Cette mesure s'adresse aux PME et aux ETI françaises souvent confrontées à l'impossibilité de trouver une couverture auprès des assureurs-crédit privés, en particulier sur certaines zones géographiques ou pour des secteurs économiques spécifiques, ce qui pénalise les exportateurs français dans leur développement sur les marchés internationaux. Pour répondre à cette situation, l'État redevient assureur-crédit en étendant sa garantie à la Coface (article L. 432-2 du Code des assurances) pour que celle-ci réassure des sociétés privées habilitées à pratiquer de l'assurance-crédit à l'export en France, lorsque les conditions de leur intervention sans couverture publique ne sont plus réunies (voir encadré).
Actuellement, le dispositif public d'assurance-crédit, géré par la Coface pour le compte de l'État, est essentiellement utilisé pour proposer aux créances moyen et long termes (risque supérieur ou égal à deux ans).
Pour activer le dispositif public d'assurance-crédit géré par la Coface pour le compte de l'État prévu par la loi de finances rectificative pour 2013, la PME ou l'ETI devra prouver le retrait des assureurs-crédit privés. Soit elle produit au moins quatre lettres de refus de couverture d'assureurs-crédit privés, soit elle constate la baisse significative de l'encours et du taux d'acceptation d'au moins deux assureurs-crédit privés.
La réassurance portera sur tout ou partie de l'opération mise en place par l'assureur-crédit privé. Autrement dit, elle permet d'obtenir une garantie égale, même si l'assureur-crédit la réduit ou ne la donne pas entièrement, la différence de garantie étant apportée par la Coface. Au maximum, elle est égale à la garantie de l'assureur-crédit. Le cadre d'intervention du nouveau dispositif sera limité à la couverture des exportations de court terme à destination des pays dits "à risques non cessibles", à savoir les pays autres que ceux à haut revenu de l'OCDE et de l'Union européenne. En contrepartie de la couverture publique, le bénéficiaire de la garantie versera une prime représentative du risque porté par l'État.
Si l'assurance-crédit se développe proportionnellement à l'aggravation de la pratique très française de retarder les paiements, le secteur a de beaux jours devant lui ! Ainsi, selon la consultation nationale publiée le 21 novembre par CroissancePlus et la Médiation interentreprises auprès des fournisseurs des grandes entreprises françaises, "57% des PME estiment que les délais de paiement ont augmenté par rapport à 2012".

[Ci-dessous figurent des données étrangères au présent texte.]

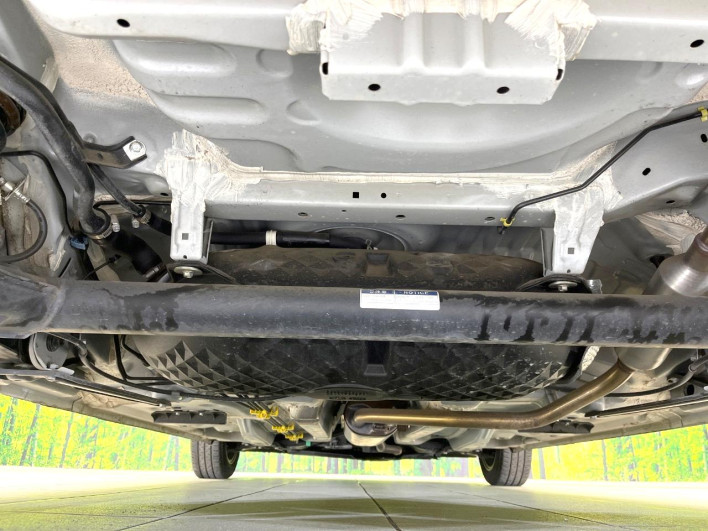 2019 Toyota TANK DBA-M900A (UW-6a0a8268f3fd8)[28]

Dans ce contexte tendu, les sénateurs ont adopté un amendement controversé. Dans le projet de loi Consommation défendu par Benoît Hamon, ministre délégué à l'Économie solidaire et à la Consommation, cet amendement inclut dans le délai global légal de paiement un délai d'approbation, c'est-à-dire le délai de vérification et de réception des biens et services (en l'état actuel, ces délais cachés peuvent porter le délai de paiement jusqu'à 120 jours). Toutefois, les sénateurs ont ouvert une porte en offrant aux entreprises la possibilité de prévoir par convention un délai spécifique lorsque des vérifications et des procédures de réception un peu plus longues sont nécessaires. La limite étant de ne pas constituer une clause ou pratique abusive.